# Animal crossing city folk vs. ACNL



## Margot (Aug 22, 2015)

Which is your favorite?


----------



## TwilightDragon (Aug 22, 2015)

I personally like new leaf better ^.^


----------



## FireNinja1 (Aug 22, 2015)

I prefer New Leaf because it gives more control: villagers will guarantee stay if you tell them, there's the ordinances, and also I can play it on the go.


----------



## N e s s (Aug 22, 2015)

New leaf is much much better. The mayor function breathed new life into the series.

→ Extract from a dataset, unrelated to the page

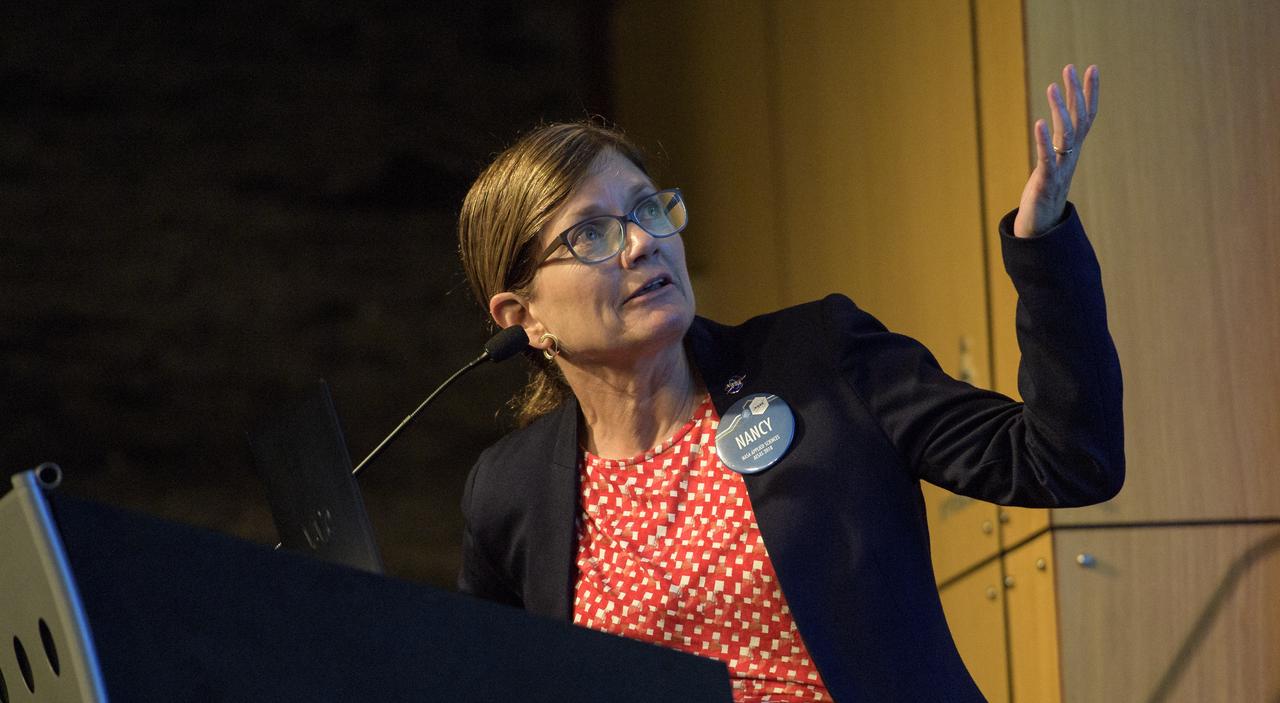 Capacity Building Program Manager for NASA's Applied Sciences Program (Earth Science Division) Nancy Searby speaks during the 2018 Annual Earth Science Applications Showcase, Wednesday, Aug. 1, 2018 at NASA Headquarters in Washington. Every summer students and young professionals from NASA’s Applied Sciences’ DEVELOP National Program come to NASA Headquarters and present their research projects. DEVELOP is a training and development program where students work on Earth science research projects, mentored by science advisers from NASA and partner agencies, and extend research results to local communities.  Photo Credit: (NASA/Joel Kowsky)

Not to mention Isabelle :3


----------



## ZekkoXCX (Aug 22, 2015)

OMFG,I WOULD PREFER ACNL OVER 9000 MORE THAN ACCF
ACCF was ACWW,in Wii + a city,alot of ACWW guides were used for ACCF
ACNL was different,not looking like ACCF,more original ideas,isabelle (my official bae of 2013).


----------



## bigger34 (Aug 23, 2015)

NL for everything besides graphics and Wi-fi experiences. Cf is superior in those IMO.


----------



## Lena Scorpion (Aug 23, 2015)

New Leaf is much better. Better graphic and everything. You can also play New Leaf anywhere.


----------



## Celty (Aug 23, 2015)

New Leaf.  Like other people have said, it gives you more control over everything and I really like that.


----------



## mario1241 (Aug 23, 2015)

I like New Leaf better because City Folk was a little boring imo. It was just like Wild World with very few new things to keep me interested. New Leaf has a lot more things to do in it.


----------



## strawbewwy (Aug 23, 2015)

new leaf
the wii is just not my thing


----------



## cutie34 (Sep 2, 2015)

New leaf duuuh! NL is my second life lol


----------



## JessSux (Sep 2, 2015)

ACNL. Way better for multiplayer. Handheld is better than console. Wii controller sucks.


----------



## JCnator (Sep 2, 2015)

There's absolutely no contest on which game will win. It's no surprise that ACNL unanimously curbstomps ACCF in almost every single way possible. Good luck finding someone who prefers the latter over the newest mainline installment!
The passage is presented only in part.